L’Histoire a besoin de résonner dans le coeur des hommes, de développer un sentiment d’appartenance nationale. L’Histoire semble souvent se passionner pour les batailles victorieuses, pour les grandes guerres. L’Histoire ne sait pas trop quoi dire, a contrario, sur les temps de paix. A la rigueur, il y a bien quelques trèves de confiseurs ! Mais le combat pour la grandeur de la nation (fut-elle française, britannique ou russe) tient le haut du pavé. L’Histoire, un sport de combat !

histoire

Sauf qu’en fait, à y regarder de plus près, l’Histoire n’existe pas ! Prenons un exemple exotique d’abord : l’Histoire de Chine, telle qu’elle est enseignée aux petits chinois. Le récit officiel aborde la question du Tibet comme celle d’une région, un peu comme l’Alsace ou la Lorraine en France. Une région parfois rebelle, un tantinet tire-au-flan, point. Le Tibet ne serait rien d’autre qu’une région assez pauvre aux confins du vaste empire. Et pourtant, entre 629 et 877, sous l’impulsion de la dynastie Yarlung, l’empire Tibétain n’aura de cesse de s’accroître bien au-delà du plateau éponyme. Les Tibétains envahissent même  la capitale de la Chine (dynastie Tang), Chang’an, en 763. Mais n’allez pas dire cela à quelques dignitaires ou haut-fonctionnaires de Pékin…

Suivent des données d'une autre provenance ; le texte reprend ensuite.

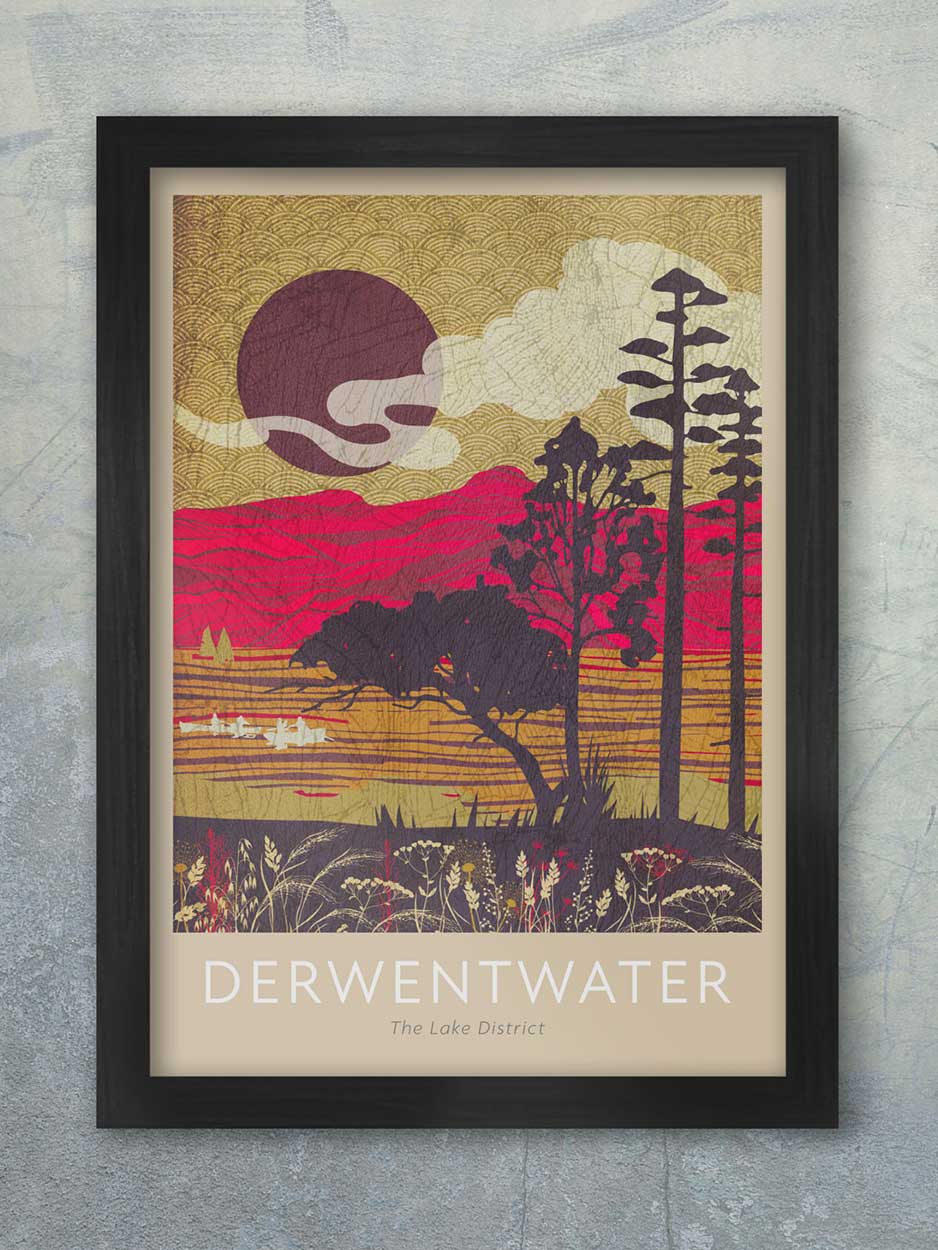 Lake District Favourites - Print Bundle - Image 5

Prenons un autre exemple, plus récent : la guerre en Irak (2003-2011), sous l’impulsion des États-Unis. Qu’est-ce qu’un livre d’Histoire américain expliquera à ses enfants ? Qu’est-ce qu’un livre d’Histoire français racontera ? Et enfin, comment sera rapporté le même événement aux enfants iraquiens ? Il n’y a pas d’Histoire. Il n’y a que des points de vue.

Alors ce qui compte, c’est la dignité de la nation, contre vents et marées. Parfois, aux rêves de grandeur s’ajoute un manque de considération pour la partie adverse, surtout lorsqu’elle est du côté des vaincus. Aussi, l’humiliation infligée à l’Allemagne par un certain Clémenceau, héros français du début du XXème siècle n’est-elle que peu étudiée en France. Car on préfère insister sur les dérives de l’Allemagne à partir des années vingt. Comme si la négociation pour la paix, lors de l’Armistice de 1918, n’avait été qu’une formalité sans plus d’enjeu. Mais Clémenceau avait-il conscience des conséquences d’un « deal » gagnant-perdant pour son ancien ennemi ?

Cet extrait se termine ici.